Il est nécessaire de répondre aux besoins et à la transformation de la famille tchèque moderne, en oubliant volontairement le modèle patriarcale classique. Récemment, un projet lié à l’imposition du congé de paternité a fait polémique, car certains affirment que l’Etat ne devrait intervenir dans la sphère privée qu’à minima. Toutefois la sociologue Marcela Linková, est plutôt favorable à une telle proposition de loi, qui pourrait amorcer un nouveau système :« La proposition de loi soutient uniquement le fait qu’une part du congé maternité serait réservée aux hommes. Si la famille décide que l’homme n’ira pas en congé paternité, alors cette somme ne serait tout simplement pas utilisée. Personne n’oblige l’homme à effectuer un congé paternité. Néanmoins, les expériences à l’étranger montrent que ceci a un impact positif sur toute la famille, car les hommes respectent davantage les tâches réalisées par les femmes, Ils réalisent par eux-mêmes les difficultés qu’elles impliquent. En passant plus de temps avec leurs enfants, les hommes créent davantage de liens étroits avec eux, et cela a des conséquences bénéfiques sur le fonctionnement de la famille entière. »

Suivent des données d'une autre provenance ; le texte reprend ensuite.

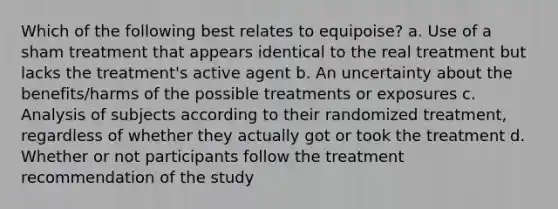 Which of the following best relates to equipoise? a. Use of a sham treatment that appears identical to the real treatment but lacks the treatment's active agent b. An uncertainty about the benefits/harms of the possible treatments or exposures c. Analysis of subjects according to their randomized treatment, regardless of whether they actually got or took the treatment d. Whether or not participants follow the treatment recommendation of the study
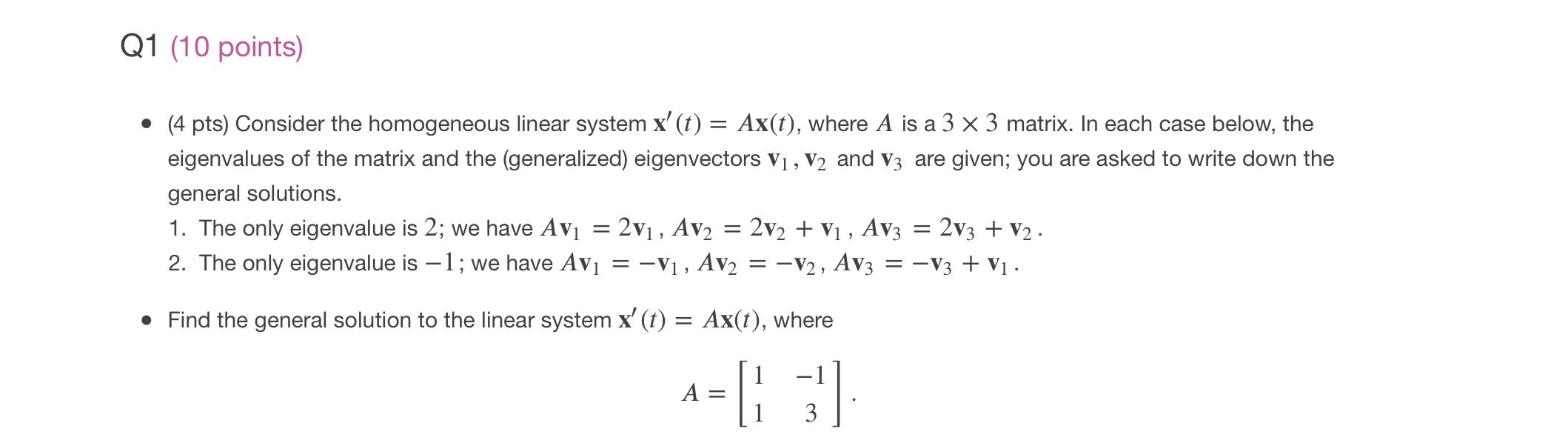 Solved Q1 10 Points • 4 Pts Consider The Homogeneous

Vivre du jour au lendemain avec un enfant, tout en planifiant le futur et être capable d’assurer le présent ; tel est le challenge quotidien de nombreuses mères, célibataire ou non, parfois stigmatisées par des points de vue patriarcaux. Un congé paternité effectif permettrait peut-être de redéfinir les rôles pour le bénéfice de tous.